The most extensive improvement is the new portable API for working with structure files and fingerprint types. The moment you start working with multiple chemistry toolkits, you realize that they all have different ways to read and write molecules, and to generate fingerprints from a molecule. Chemfp tries hard to have a consistent API for these common tasks, without sacrificing performance, so you can get get your work done. For example, with the new API it’s easy to take an SD record as an input string, compute the MACCS fingerprints for each available toolkit, add the results as new SD tags, and return the updated record.

This sounds so easy, doesn’t it? It took about a year to develop. The API is quite extensive, and includes the ability to pass toolkit-specific options to the underlying parsers, a low-level SDF parser that can be used to index a file, a way to get a list of available formats and fingerprint types, and methods to parse fingerprint arguments from strings.
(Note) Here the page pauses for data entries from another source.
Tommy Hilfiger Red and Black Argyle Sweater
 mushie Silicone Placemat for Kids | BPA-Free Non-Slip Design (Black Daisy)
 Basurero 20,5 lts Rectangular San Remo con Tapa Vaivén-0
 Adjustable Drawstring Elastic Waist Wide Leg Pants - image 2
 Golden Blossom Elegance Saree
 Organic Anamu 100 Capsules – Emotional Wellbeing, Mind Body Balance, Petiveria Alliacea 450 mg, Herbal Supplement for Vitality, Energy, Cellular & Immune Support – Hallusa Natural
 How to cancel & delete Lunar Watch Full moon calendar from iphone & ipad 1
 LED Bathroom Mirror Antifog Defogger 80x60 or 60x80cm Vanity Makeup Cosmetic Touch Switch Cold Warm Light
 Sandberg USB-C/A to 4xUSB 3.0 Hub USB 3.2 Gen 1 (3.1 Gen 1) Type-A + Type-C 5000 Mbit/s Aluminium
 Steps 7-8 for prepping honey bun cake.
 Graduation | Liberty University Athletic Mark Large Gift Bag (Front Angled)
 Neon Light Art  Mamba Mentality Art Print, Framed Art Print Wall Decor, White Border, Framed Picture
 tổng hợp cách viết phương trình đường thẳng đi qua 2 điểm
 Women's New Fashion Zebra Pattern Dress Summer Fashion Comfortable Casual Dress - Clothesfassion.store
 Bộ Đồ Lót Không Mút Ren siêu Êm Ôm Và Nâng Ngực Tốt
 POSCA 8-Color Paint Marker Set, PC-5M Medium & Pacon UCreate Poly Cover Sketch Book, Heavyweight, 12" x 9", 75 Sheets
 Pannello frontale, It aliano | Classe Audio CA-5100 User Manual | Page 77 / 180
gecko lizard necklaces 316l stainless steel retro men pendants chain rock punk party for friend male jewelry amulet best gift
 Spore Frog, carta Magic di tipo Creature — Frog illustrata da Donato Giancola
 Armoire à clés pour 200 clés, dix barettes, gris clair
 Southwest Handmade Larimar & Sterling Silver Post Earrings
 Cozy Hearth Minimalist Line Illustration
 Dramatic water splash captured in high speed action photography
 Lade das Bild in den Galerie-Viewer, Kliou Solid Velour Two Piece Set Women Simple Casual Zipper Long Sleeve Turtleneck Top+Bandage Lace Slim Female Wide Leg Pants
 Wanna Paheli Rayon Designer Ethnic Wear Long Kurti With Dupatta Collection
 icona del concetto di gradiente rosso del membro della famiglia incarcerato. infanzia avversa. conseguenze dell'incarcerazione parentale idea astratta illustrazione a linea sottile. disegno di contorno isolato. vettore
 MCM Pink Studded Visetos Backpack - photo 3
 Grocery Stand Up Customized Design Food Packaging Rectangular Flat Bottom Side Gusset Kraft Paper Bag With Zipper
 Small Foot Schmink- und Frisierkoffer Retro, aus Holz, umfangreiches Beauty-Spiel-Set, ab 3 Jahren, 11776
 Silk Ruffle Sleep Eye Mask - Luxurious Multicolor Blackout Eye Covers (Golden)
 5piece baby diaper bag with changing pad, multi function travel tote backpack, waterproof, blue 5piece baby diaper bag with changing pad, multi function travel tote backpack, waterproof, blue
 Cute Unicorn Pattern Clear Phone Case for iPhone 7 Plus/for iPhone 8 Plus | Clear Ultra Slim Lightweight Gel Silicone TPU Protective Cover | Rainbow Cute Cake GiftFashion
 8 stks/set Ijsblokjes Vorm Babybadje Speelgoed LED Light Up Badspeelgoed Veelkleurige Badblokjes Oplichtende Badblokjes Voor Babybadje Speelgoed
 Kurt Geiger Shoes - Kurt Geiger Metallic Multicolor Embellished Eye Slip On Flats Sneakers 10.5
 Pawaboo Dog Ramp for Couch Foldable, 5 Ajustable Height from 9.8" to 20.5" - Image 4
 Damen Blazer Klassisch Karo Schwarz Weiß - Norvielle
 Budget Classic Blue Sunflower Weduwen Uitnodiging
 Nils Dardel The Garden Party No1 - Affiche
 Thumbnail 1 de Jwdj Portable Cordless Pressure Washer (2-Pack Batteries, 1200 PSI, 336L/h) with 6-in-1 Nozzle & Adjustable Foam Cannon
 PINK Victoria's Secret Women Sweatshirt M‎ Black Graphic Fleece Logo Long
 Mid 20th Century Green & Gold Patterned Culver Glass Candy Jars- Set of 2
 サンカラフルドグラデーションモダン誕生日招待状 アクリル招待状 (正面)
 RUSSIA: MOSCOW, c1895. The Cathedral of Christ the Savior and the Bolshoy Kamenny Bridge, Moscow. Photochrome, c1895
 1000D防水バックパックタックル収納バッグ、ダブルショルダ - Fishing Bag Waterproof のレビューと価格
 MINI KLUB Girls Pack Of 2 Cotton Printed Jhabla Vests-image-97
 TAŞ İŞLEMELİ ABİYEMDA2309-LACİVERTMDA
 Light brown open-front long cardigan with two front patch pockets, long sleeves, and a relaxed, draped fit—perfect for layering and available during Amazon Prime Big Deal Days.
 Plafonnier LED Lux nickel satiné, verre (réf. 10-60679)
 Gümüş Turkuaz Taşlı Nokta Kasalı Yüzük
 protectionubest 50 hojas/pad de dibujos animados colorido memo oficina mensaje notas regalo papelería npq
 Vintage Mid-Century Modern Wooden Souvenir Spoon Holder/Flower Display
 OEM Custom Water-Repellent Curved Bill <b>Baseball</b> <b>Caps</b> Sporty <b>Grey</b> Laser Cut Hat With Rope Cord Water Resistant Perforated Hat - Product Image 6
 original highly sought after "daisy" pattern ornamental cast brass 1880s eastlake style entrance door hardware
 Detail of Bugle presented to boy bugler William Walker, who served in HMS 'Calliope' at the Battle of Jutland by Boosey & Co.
New with version 2.0 is the ability to handle PubChem-sized data. Previous versions used 32 bit indexing and had a limit of 4GB, which is enough for 33M 1024-bit fingerprints, but PubChem has about twice that many structures.

There are also a lot of improvements, bug fixes, and performance tweaks. For example, the FPS reader is now almost twice as fast! For details, see the CHANGELOG file of the release.


The chemfp code base is solid and in use at many companies, some of whom have paid for the commercial version. It has great support for fingerprint generation, fast similarity search, and toolkit portability, but there’s plenty left to do in future. Here’s a mixture of things that are likely and things which are possibilties. Of course funding and feedback would help prioritize things. Let me know if you need something like one of these.

Right now you’re limited to the built-in toolkit fingerprint types, plus chemfp’s own SMARTS-based fingerprints. There should be a registration system so you can tell chemfp about user-defined fingerprint types.

I would like some way to select fingeprint subsets. My original thought was something like an awk for the FPS format, with the ability to select N fingerprints at random, or those matching a given set of identifiers, etc. My current thought is to implement it as a sqlite virtual table.

Chemfp supports Tanimoto and Tversky similarity. I could also add support for other measures; cosine and Hamming seem like the most useful other alternatives.

Chemfp does not currently support Microsoft Windows computer because the code assumes the LP64 model, where “int” is 32 bits and “long” is 64 bits. It will require a lot of low-level work to tweak everything correctly for the Windows LLP64 model, where “int” and “long” are 32 bits and “long long” is 64 bits. Once that’s done, I’ll have to figure out how to make an installer. I’ve decided to put it off until a someone (or someones) fund it.

The threshold and k-nearest arena search results store hits using compressed sparse rows. These work well for sparse results, but when you want the entire similarity matrix (ie, with a minimum threshold of 0.0) of a large arena, then time and space to maintain the sparse data structure becomes noticable. It’s likely in that case that you want to store the scores in a 2D NumPy matrix.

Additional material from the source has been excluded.